A: 教育する内容によっても異なりますが、お金に関心を持ち出す小学校低学年ごろからはじめるのがおすすめです。ただし、その前の幼児期から基礎づくりを始めることが大切です。
Q2: おこづかいはいくらあげるべき?
A: 家庭の経済状況や教育方針によりますが、小学1・2年生で500円未満、小学3・4年生で500円~1,000円未満が一般的です。
Q3: 失敗したらどう対応すべき?
A: 子どもは無駄づかいをした結果、必要なものを買うためのお小遣いが足りなくなるという失敗を経験し、お金を使う優先順位をつける大切さを学びます。失敗を経験させることも、教育の一環として必要です。
Q4: 電子マネーはいつから持たせるべき?
A: 現金での管理が身についてから段階的に導入しましょう。ルールを決めて、交通費などの特定用途から始めるのがおすすめです。
まとめ:子どもの未来を豊かにするマネー教育
マネー教育は単なる「お金の勉強」ではありません。金融教育とは、「金銭教育」「経済教育」「投資教育」などのお金に関連する教育を総称し、社会を生き抜く力を育てる教育といえます。もっと簡単にいうと「しつけ」と「知恵」を習得するための教育なのです。
マネー教育の最終目標
- 自立した大人として経済的に安定した生活を送る能力
- お金に振り回されない、健全な金銭感覚
- 社会の一員として責任ある経済行動をとる姿勢
- 困ったときに適切に相談・解決できる力
今日から始められる3つのステップ
- 家庭でお金の話をオープンにする お金について話すことがタブーではないという雰囲気作りから始める
- 子どもの年齢に合ったおこづかい制を導入 少額からでも良いので、お金を管理する経験を積ませる
- 日常の買い物や体験を学習機会に変える 特別なことをしなくても、日常生活がマネー教育の場になる
現代社会では、お金との正しい付き合い方を知ることが、子どもたちの将来を大きく左右します。海外に比べて遅れをとっている日本のマネー教育ですが、家庭での取り組みによって十分に補うことができます。
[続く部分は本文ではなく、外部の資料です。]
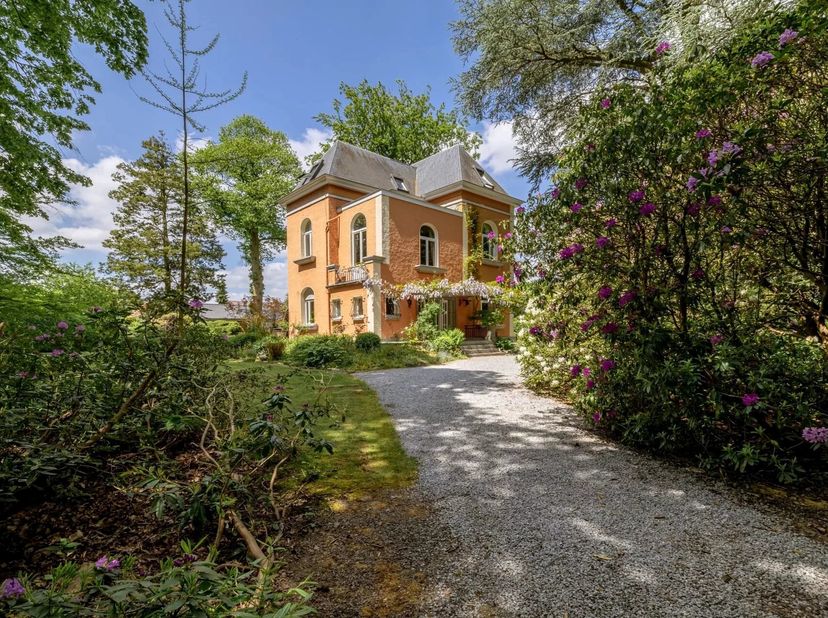 Christie's biedt u deze luxe villa te huur aan, gelegen in een groene omgeving, dicht bij alle voorzieningen: bus, (internationale) scholen, winkels e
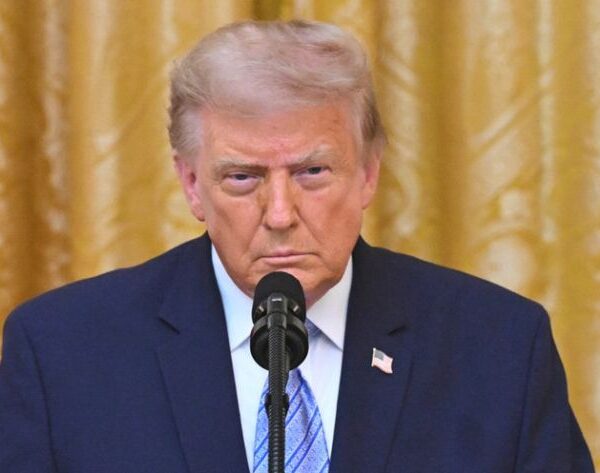 Sondeos favorecen a demócratas en EE UU mientras sigue baja la popularidad de Trump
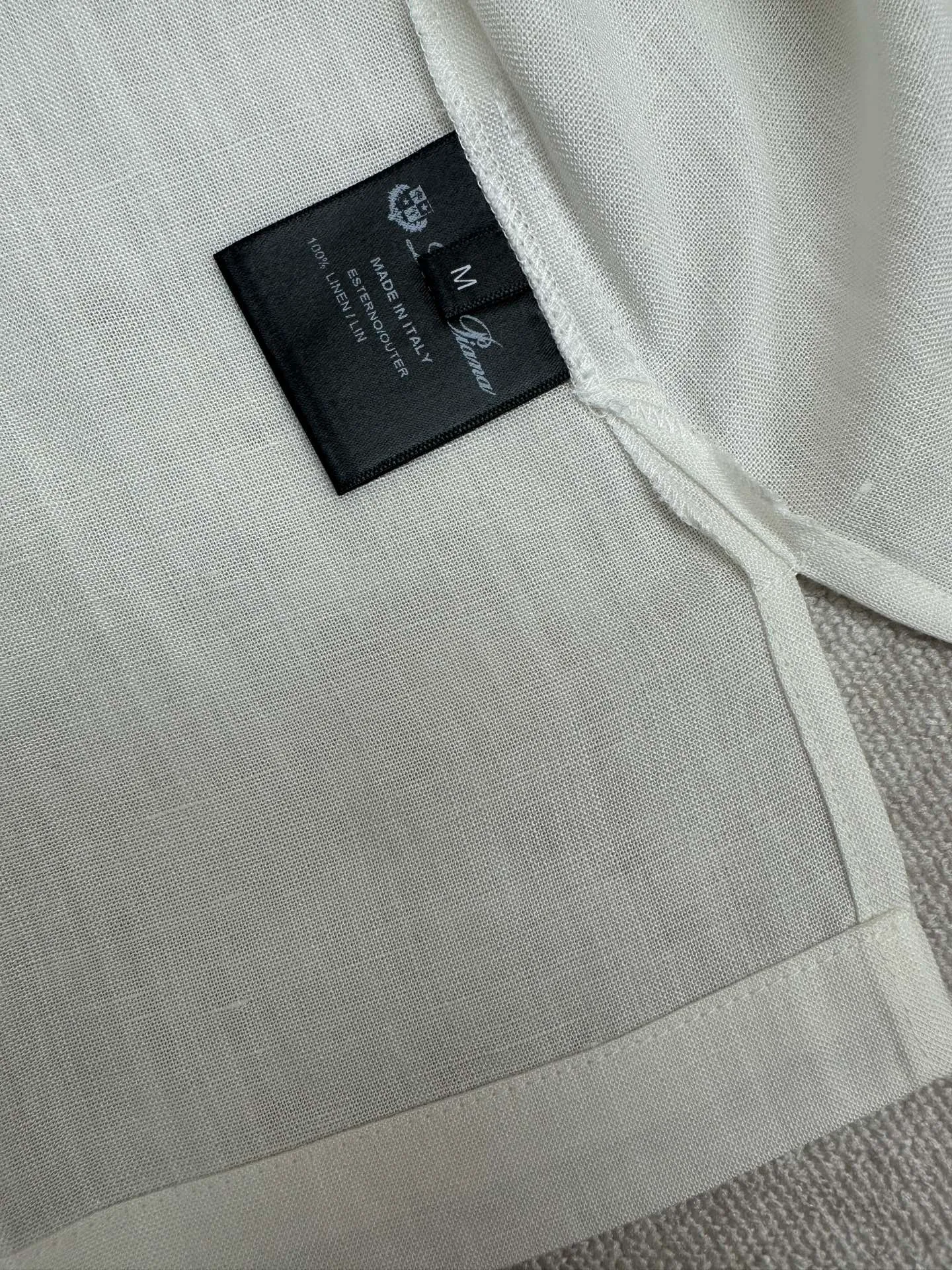 LP 26 New Arrival linen short-sleeved Polo shirt is a light luxury item made in Italy. It features a relaxed and elegant "old money style" tone, and uses simple design and natural fabrics to interpret the high-end feel of summer. The style adopts a Classic small lapel + single-button half placket design, which is neat and casual. It is matched with a slightly loose straight cut and a short-sleeved silhouette, taking into account comfort and neat lines. It does not flatter the body shape and hides the muscles to look slimmer. Available in navy blue and white, it is suitable for a variety of wearing scenarios, whether it is daily casual or light business occasions. The fabric is made of 100% linen, with natural texture and breathable holes. It has excellent moisture absorption and heat dissipation. It is dry and not sweaty when worn in summer, and has a natural drape when worn. It is an ideal choice for summer commuting and vacation. There is no unnecessary decoration on the whole, and the fabric texture and neat tailoring are the key to winning. It is low-key and durable, and can easily create an effortless high-end outfit. Sizes: M.L.XL.XXL.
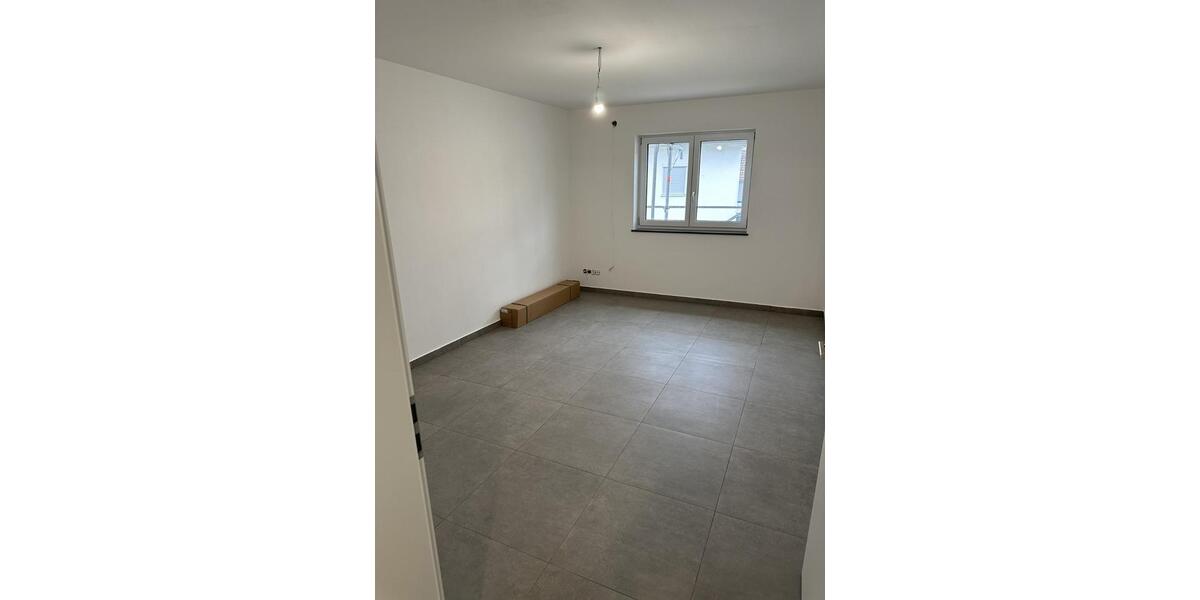 Etagenwohnung Eichendorf - 3 Zimmer, 100 m&sup2;, 1.053&euro; | Angebot:23849317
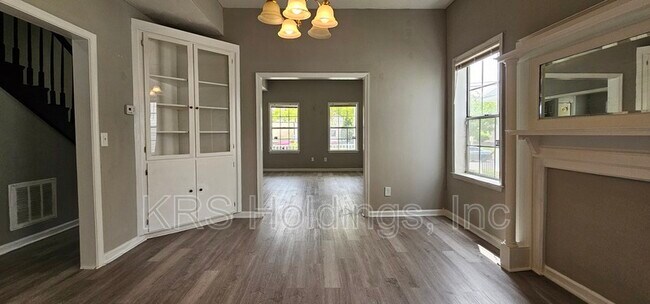 Building Photo - 827 Marshall Ave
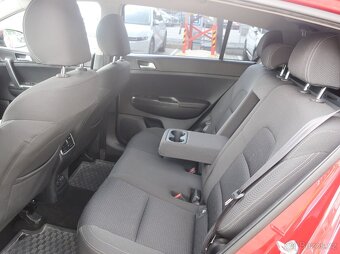 Kia Sorento 1.6T-GDi 169kW HYBRID 4x4 AUTOMAT EXCLUSIVE - 8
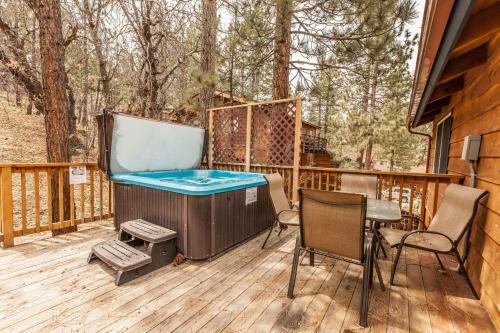 Bear Claw Cabin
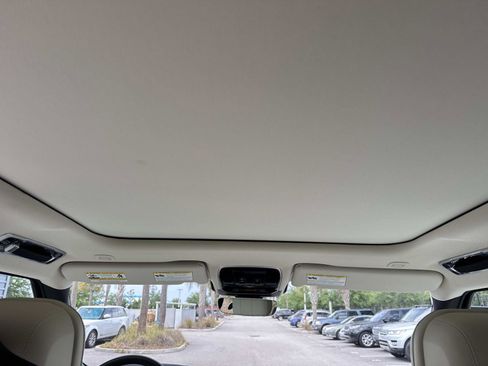 New 2026 Land Rover Range Rover Long Wheelbase SE AWD/4WD image 18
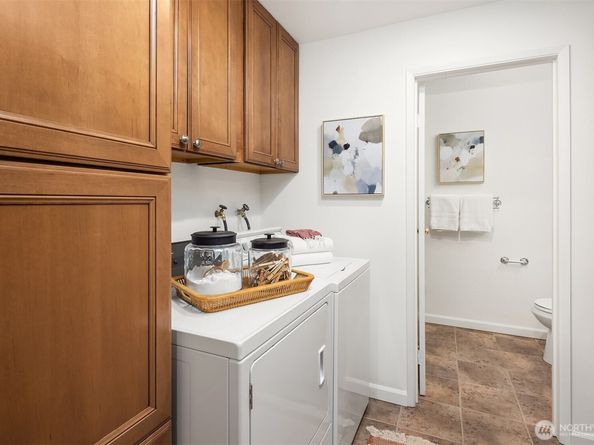 17605 NE 15th Place, Bellevue WA 98008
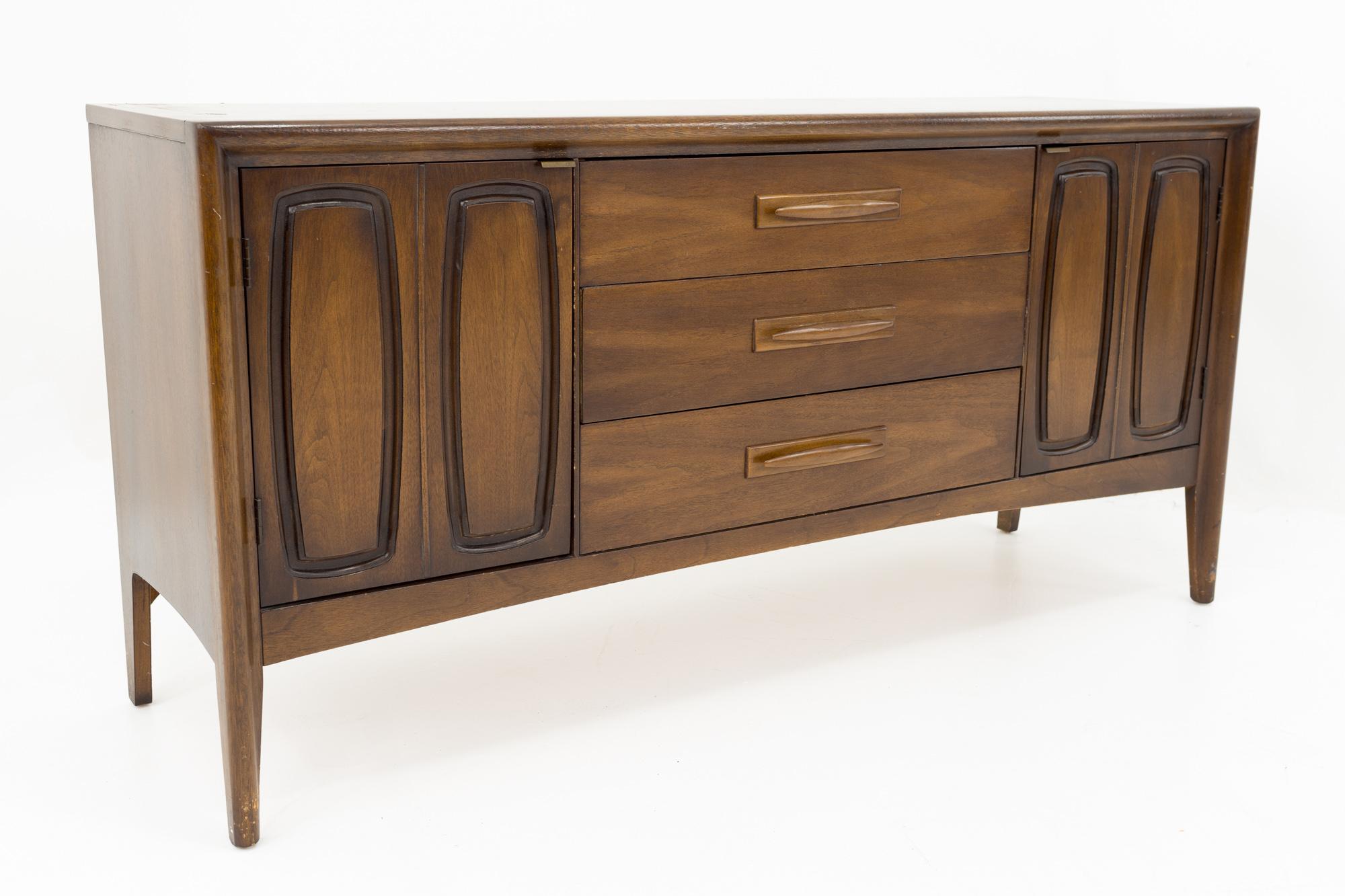 Broyhill Emphasis Mid Century Walnut Sideboard Buffet Credenza In Good Condition In Countryside, IL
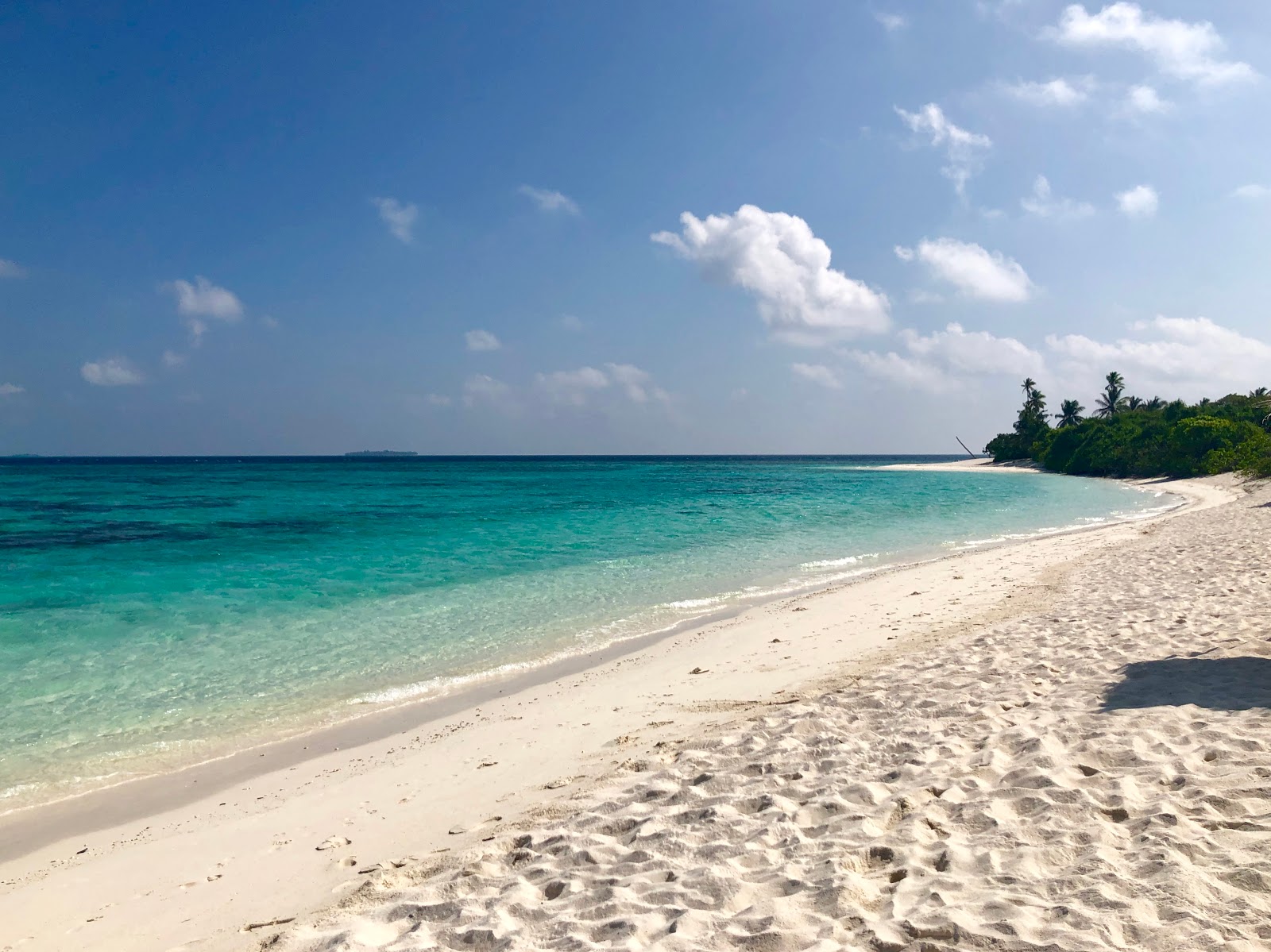 Photo of Feridhoo Beach with white sand surface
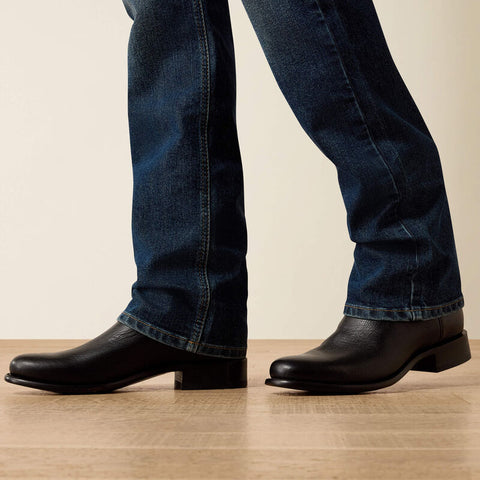 Ariat Men's M7 Slim Ray Classic Rise Pro Series Straight Leg Jeans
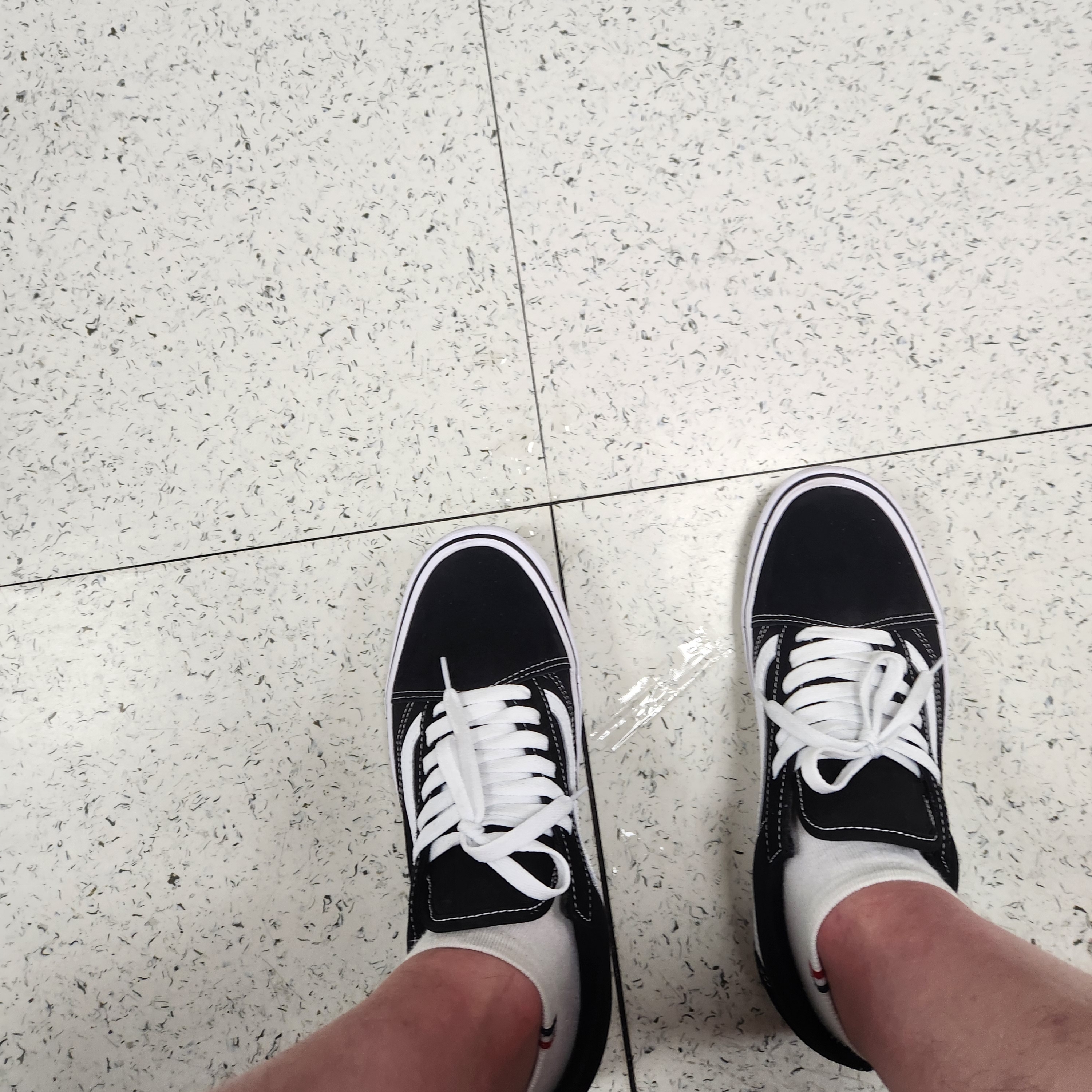 Vans ComfyCush Old Skool Black True white 착용 스타일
「子どもは、お金に興味を持ち、その秘めた魅力を知りたがっているのです。大人がダンマリを決め込んでいると間違った情報が入り、人生を台無しにしてしまうかもしれません。もっとオープンにお金のことを子どもと話してみませんか?なぜなら、子どもはお金が好きやねん!」
今日から、お子さんと一緒にマネー教育の第一歩を踏み出してみませんか?きっと、お金について学ぶことが、親子の新しいコミュニケーションの機会にもなるはずです。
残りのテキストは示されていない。